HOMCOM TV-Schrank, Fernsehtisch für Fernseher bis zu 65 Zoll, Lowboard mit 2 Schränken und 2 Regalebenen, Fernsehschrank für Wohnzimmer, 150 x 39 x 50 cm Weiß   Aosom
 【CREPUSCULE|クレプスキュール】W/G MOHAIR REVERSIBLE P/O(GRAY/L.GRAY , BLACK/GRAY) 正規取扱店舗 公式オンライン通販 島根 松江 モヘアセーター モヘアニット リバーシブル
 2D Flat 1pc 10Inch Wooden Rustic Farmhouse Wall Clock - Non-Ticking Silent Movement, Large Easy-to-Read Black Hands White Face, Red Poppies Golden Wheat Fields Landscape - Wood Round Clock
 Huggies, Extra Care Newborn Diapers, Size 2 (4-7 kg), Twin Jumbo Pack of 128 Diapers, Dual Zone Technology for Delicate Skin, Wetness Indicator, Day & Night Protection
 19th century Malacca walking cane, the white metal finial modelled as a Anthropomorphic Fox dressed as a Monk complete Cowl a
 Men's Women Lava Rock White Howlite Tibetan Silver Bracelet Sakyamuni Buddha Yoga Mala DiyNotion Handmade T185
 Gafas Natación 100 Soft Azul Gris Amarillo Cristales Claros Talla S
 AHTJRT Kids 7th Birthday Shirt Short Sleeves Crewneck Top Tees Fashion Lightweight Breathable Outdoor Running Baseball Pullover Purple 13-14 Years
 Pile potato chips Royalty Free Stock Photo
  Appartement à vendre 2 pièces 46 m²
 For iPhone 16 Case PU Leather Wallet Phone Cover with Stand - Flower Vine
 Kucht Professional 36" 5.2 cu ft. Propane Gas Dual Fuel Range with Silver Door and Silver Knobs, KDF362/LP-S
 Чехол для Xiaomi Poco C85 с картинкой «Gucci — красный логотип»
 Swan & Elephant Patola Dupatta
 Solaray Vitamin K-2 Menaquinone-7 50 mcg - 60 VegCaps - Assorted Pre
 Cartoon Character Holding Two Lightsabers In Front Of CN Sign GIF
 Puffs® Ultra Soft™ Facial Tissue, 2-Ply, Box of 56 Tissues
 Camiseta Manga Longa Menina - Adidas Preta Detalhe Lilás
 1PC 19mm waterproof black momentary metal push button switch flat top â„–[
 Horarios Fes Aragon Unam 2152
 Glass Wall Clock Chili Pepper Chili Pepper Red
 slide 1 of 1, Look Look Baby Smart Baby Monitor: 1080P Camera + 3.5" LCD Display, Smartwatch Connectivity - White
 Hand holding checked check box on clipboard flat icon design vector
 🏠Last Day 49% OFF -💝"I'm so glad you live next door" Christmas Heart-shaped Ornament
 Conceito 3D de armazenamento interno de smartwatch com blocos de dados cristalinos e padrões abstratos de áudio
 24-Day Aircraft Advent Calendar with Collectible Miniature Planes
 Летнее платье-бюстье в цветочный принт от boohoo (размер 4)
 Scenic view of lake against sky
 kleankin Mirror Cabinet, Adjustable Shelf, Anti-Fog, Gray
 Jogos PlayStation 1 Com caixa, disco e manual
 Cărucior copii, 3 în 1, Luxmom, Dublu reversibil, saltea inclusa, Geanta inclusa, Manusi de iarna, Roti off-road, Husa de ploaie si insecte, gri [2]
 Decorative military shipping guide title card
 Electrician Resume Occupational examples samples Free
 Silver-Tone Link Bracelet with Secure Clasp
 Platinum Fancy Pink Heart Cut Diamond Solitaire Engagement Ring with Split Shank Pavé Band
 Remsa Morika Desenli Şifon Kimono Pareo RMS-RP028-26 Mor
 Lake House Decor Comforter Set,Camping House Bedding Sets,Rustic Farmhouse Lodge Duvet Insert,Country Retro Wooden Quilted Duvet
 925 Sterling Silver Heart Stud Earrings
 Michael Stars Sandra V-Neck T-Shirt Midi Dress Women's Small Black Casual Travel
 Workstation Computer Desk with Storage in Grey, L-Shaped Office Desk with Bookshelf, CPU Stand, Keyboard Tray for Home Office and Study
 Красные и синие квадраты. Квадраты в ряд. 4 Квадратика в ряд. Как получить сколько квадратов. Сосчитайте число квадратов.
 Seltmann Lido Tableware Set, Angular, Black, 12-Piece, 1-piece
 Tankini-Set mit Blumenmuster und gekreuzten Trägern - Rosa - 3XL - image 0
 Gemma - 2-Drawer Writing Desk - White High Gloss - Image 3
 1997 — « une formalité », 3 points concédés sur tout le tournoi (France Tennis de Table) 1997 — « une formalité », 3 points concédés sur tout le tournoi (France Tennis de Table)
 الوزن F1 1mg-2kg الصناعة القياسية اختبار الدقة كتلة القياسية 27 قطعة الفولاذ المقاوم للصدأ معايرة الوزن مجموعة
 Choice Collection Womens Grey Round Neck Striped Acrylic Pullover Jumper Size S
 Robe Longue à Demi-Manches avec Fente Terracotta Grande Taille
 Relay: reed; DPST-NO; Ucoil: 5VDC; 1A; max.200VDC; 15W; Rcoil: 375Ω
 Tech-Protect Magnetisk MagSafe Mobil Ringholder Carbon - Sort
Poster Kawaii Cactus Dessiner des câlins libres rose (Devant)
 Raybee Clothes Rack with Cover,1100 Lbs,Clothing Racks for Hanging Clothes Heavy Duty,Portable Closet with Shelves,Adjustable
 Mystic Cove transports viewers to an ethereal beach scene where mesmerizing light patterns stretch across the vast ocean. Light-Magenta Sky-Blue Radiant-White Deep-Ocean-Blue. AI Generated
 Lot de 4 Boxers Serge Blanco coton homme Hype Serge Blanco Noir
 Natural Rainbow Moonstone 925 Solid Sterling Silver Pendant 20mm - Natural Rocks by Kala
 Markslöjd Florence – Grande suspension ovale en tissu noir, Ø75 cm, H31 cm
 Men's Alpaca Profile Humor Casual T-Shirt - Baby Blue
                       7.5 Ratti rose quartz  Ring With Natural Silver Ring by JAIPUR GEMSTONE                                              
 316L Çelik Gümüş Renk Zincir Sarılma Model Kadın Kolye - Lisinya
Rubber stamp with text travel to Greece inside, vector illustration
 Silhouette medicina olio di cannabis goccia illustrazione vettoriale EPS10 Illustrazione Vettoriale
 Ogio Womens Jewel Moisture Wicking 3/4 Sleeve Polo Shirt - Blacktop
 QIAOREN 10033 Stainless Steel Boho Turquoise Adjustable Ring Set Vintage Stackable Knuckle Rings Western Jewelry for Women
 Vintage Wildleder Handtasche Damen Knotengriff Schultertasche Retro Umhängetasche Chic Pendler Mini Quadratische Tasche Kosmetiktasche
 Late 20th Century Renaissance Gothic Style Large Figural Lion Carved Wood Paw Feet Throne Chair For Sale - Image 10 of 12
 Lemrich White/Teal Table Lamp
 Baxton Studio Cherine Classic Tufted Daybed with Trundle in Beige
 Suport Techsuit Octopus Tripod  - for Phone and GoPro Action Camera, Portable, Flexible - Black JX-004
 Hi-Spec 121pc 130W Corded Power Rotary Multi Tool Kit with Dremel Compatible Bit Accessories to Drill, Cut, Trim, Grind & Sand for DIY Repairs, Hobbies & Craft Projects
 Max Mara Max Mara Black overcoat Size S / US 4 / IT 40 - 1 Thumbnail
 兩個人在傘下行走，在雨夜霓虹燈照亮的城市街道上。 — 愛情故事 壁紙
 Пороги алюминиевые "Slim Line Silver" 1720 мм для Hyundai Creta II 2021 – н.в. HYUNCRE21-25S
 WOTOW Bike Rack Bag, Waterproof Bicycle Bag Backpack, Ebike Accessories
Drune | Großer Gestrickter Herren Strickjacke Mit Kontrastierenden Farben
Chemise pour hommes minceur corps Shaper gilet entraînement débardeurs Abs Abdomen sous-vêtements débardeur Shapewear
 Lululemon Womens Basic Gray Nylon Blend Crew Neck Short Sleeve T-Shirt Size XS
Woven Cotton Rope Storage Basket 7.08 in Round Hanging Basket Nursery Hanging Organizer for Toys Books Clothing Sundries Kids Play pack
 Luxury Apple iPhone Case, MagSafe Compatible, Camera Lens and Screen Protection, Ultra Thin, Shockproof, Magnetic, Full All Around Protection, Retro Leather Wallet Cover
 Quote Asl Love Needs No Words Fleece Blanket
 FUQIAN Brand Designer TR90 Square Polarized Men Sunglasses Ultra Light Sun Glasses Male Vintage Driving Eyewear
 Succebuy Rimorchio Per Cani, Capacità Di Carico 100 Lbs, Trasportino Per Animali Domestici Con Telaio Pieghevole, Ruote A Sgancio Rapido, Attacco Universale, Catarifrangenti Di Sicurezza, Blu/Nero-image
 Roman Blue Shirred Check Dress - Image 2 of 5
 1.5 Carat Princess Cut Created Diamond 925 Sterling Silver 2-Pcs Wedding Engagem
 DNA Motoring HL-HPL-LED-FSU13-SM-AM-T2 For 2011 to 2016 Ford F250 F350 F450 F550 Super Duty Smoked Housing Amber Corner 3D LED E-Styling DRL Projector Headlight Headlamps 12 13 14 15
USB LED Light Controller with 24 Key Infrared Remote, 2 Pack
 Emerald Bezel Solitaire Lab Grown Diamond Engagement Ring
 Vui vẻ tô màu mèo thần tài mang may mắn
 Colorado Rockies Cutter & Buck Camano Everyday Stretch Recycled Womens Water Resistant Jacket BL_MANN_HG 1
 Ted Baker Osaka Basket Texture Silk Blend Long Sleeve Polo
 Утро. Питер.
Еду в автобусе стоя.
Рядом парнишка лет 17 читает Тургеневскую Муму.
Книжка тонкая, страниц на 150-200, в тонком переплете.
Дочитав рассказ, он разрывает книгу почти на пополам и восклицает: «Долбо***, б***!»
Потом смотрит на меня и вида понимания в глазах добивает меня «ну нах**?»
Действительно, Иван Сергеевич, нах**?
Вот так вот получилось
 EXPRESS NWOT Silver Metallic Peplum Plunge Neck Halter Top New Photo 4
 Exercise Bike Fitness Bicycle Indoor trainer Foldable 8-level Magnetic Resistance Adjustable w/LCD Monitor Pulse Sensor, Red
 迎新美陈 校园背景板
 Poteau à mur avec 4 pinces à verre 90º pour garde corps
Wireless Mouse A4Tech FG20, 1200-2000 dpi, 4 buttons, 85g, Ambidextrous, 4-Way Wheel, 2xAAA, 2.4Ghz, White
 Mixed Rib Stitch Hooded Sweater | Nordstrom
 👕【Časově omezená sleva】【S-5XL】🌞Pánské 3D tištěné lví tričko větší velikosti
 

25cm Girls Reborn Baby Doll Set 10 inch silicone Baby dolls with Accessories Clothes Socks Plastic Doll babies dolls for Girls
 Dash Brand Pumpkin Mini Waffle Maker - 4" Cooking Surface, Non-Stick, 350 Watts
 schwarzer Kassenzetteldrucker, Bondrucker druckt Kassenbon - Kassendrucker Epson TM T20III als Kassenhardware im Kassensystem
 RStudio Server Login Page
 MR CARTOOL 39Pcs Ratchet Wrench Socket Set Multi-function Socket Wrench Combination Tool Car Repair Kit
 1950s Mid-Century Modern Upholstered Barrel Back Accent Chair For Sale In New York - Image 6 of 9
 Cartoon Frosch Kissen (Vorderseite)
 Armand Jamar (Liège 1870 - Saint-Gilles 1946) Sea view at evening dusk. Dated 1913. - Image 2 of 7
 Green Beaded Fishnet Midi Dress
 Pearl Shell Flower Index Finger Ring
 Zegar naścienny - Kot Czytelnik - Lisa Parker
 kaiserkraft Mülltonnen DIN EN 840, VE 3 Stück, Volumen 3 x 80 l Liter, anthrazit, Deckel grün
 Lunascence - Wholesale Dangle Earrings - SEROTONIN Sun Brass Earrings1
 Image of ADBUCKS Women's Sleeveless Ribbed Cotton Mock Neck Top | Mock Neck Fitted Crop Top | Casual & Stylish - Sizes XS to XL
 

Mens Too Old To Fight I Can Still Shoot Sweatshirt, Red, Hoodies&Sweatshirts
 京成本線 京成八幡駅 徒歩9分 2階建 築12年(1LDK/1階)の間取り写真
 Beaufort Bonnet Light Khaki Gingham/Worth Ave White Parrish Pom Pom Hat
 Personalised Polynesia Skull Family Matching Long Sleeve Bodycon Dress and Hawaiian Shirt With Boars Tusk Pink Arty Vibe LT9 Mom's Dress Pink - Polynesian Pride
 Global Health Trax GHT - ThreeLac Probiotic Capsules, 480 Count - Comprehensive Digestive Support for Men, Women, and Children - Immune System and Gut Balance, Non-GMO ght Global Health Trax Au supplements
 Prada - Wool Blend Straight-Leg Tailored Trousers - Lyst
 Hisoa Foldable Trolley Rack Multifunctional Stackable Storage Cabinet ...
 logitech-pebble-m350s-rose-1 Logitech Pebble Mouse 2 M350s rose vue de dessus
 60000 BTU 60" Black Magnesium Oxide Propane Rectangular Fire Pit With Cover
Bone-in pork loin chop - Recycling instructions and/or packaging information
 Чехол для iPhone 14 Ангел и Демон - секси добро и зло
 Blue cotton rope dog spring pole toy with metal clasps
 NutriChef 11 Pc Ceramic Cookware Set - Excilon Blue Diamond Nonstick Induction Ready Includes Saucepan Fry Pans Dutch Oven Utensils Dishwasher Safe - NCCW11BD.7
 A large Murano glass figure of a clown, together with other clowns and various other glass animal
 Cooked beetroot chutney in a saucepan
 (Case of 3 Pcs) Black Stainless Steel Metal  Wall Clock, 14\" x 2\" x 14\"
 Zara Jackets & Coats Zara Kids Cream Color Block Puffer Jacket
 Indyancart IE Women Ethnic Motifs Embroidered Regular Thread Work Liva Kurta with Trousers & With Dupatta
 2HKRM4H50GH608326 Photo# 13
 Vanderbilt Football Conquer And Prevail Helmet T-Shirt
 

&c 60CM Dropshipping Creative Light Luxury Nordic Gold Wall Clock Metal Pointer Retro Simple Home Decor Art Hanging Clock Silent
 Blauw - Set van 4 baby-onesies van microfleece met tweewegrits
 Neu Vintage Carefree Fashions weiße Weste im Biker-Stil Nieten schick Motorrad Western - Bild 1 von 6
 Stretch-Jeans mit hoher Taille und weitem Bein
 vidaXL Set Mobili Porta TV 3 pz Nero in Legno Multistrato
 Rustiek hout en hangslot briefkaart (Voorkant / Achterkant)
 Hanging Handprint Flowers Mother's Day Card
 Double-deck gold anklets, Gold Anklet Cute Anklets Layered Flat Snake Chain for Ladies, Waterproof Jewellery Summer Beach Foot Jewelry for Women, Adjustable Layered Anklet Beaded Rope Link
---+---
Only one stretch of the entries above is wanted: the lines from the one containing "Green Beaded Fishnet Midi Dress" through the one containing "Personalised Polynesia Skull". Please reproduce it exactly.

**Answer to this task:**
 Green Beaded Fishnet Midi Dress
 Pearl Shell Flower Index Finger Ring
 Zegar naścienny - Kot Czytelnik - Lisa Parker
 kaiserkraft Mülltonnen DIN EN 840, VE 3 Stück, Volumen 3 x 80 l Liter, anthrazit, Deckel grün
 Lunascence - Wholesale Dangle Earrings - SEROTONIN Sun Brass Earrings1
 Image of ADBUCKS Women's Sleeveless Ribbed Cotton Mock Neck Top | Mock Neck Fitted Crop Top | Casual & Stylish - Sizes XS to XL
 

Mens Too Old To Fight I Can Still Shoot Sweatshirt, Red, Hoodies&Sweatshirts
 京成本線 京成八幡駅 徒歩9分 2階建 築12年(1LDK/1階)の間取り写真
 Beaufort Bonnet Light Khaki Gingham/Worth Ave White Parrish Pom Pom Hat
 Personalised Polynesia Skull Family Matching Long Sleeve Bodycon Dress and Hawaiian Shirt With Boars Tusk Pink Arty Vibe LT9 Mom's Dress Pink - Polynesian Pride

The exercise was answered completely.